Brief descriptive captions

##############################

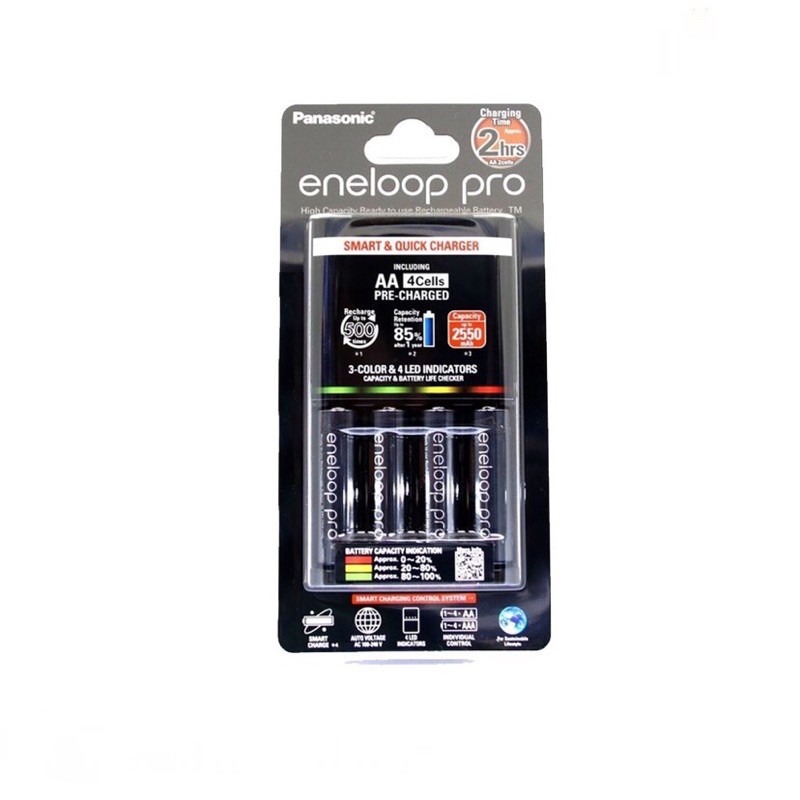โฉมใหม่ ชุดชาร์จ Panasonic Eneloop Pro 2ชั่วโมง พร้อมถ่าน Eneloop Pro AA  4ก้อน ของใหม่ ของแท้ประกัน
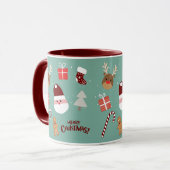 Niedliches Santa Reindeer Candy Cane Gingerbread M Tasse (Vorderseite Links)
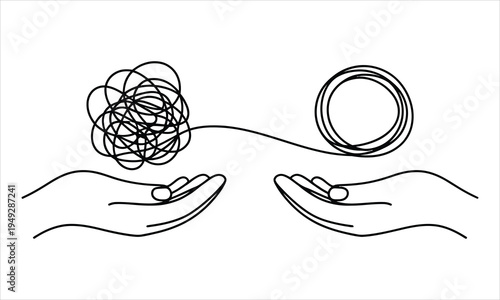 Minimalist drawing illustrates problem solving from a tangled knot to a streamlined solution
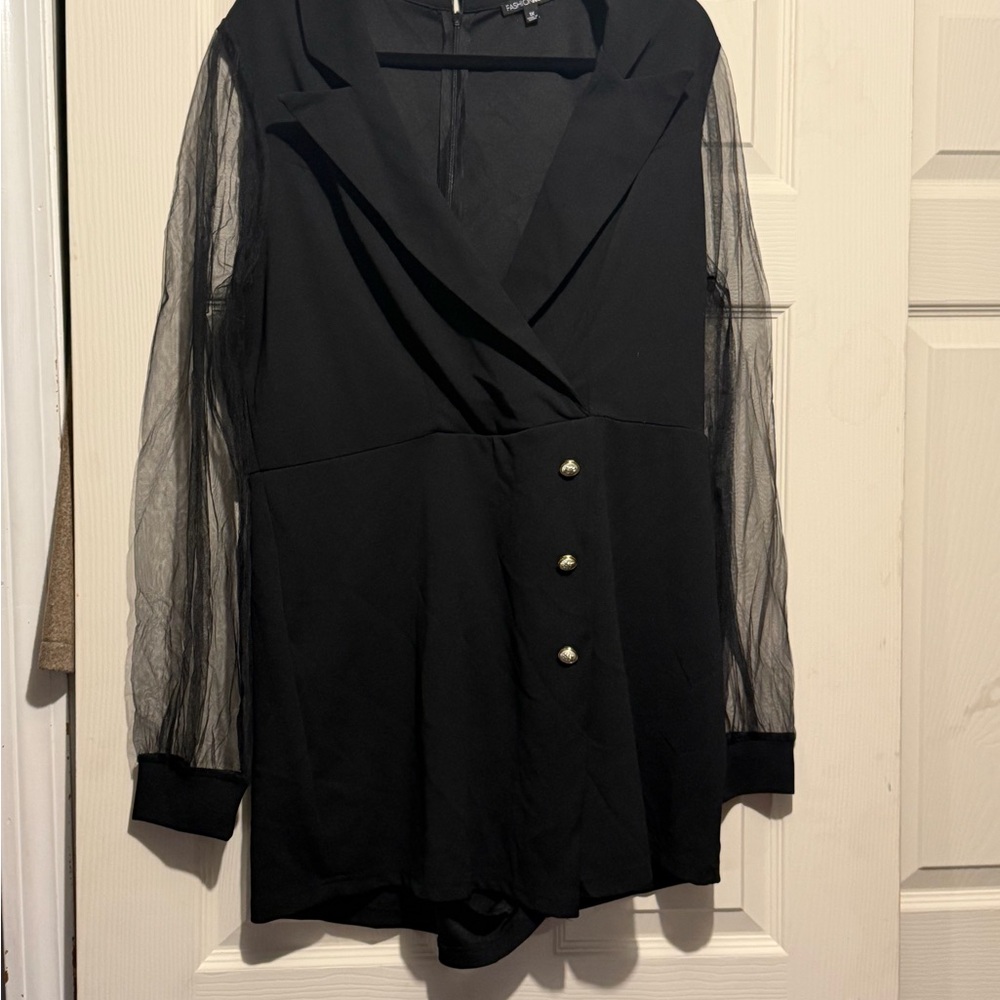 Sheer Sleeve Black Romper with Gold Buttons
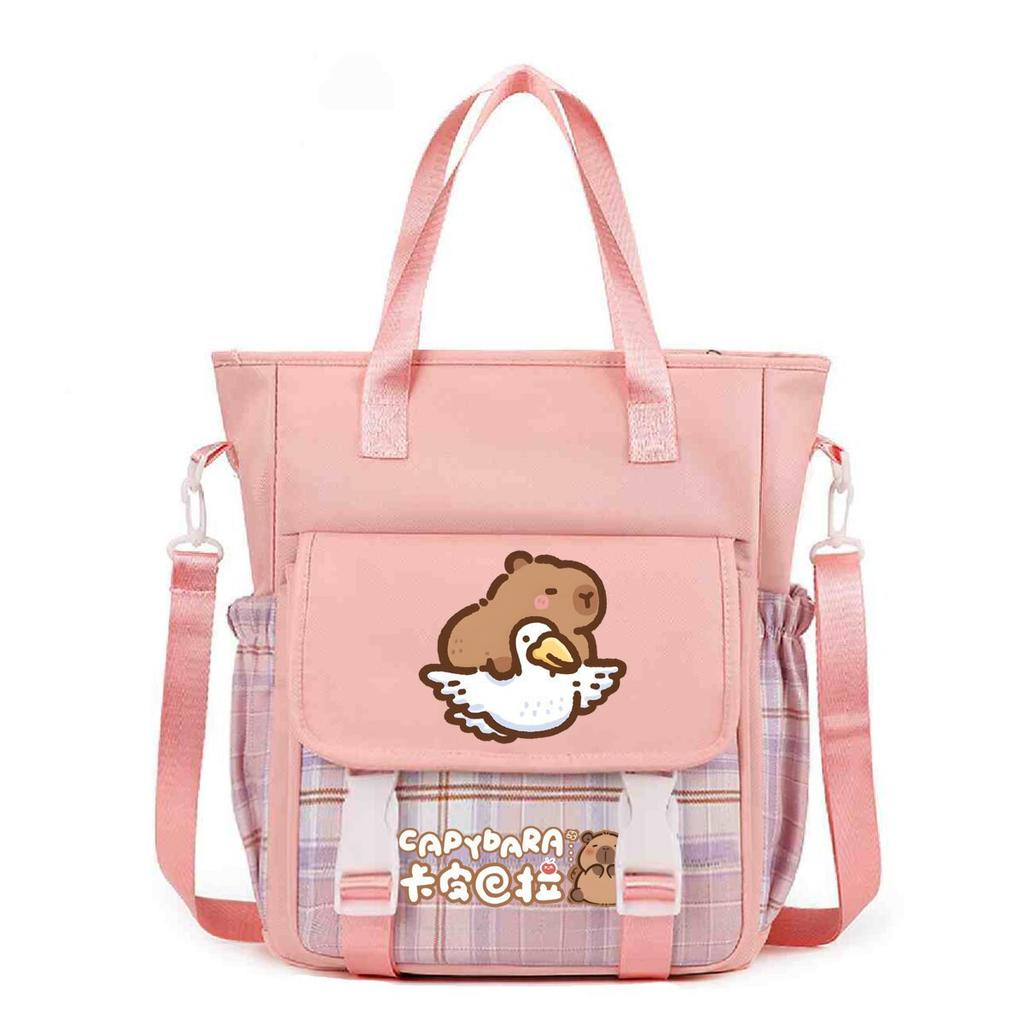 Crossbody bag, primary school, junior high school schoolbag, male and female students tutoring bag, cute kapibara large-capacity shoulder bag.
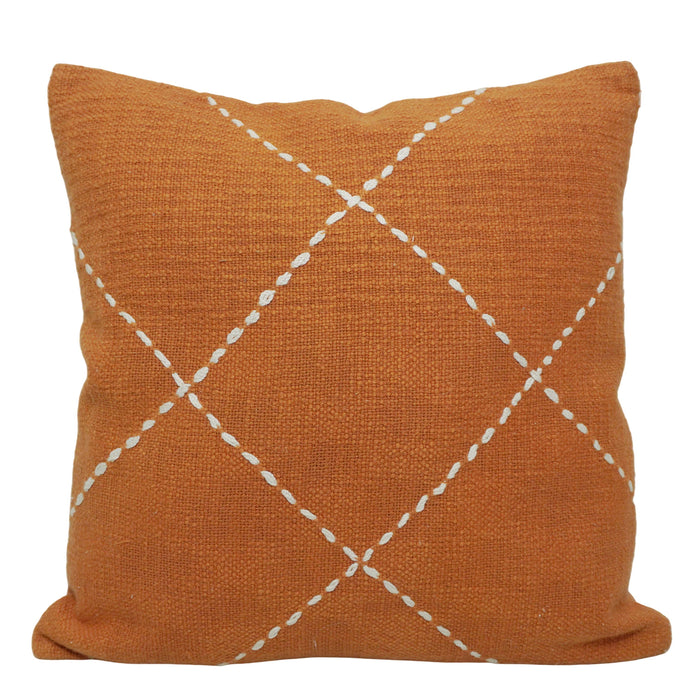Hand Embroidered Cotton Cushion Cover – Rust Orange Geometric Diamond Design, 45 x 45 cm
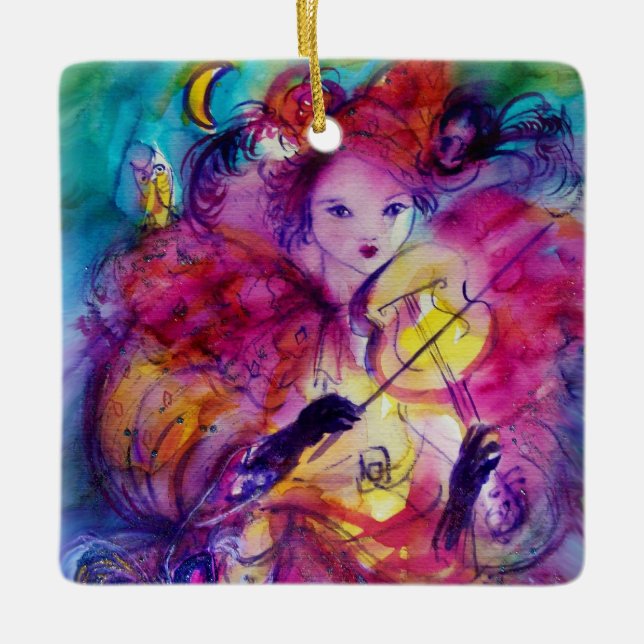 MASQUERADE NIGHT / Violinist in der Nacht Keramikornament (Vorderseite)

##############################

What is being asked
No pictures belong in the output. Restate word for word only the lines from the one containing "Hand Embroidered Cotton" to the end of the entries above.

Solution to the problem
Hand Embroidered Cotton Cushion Cover – Rust Orange Geometric Diamond Design, 45 x 45 cm
 MASQUERADE NIGHT / Violinist in der Nacht Keramikornament (Vorderseite)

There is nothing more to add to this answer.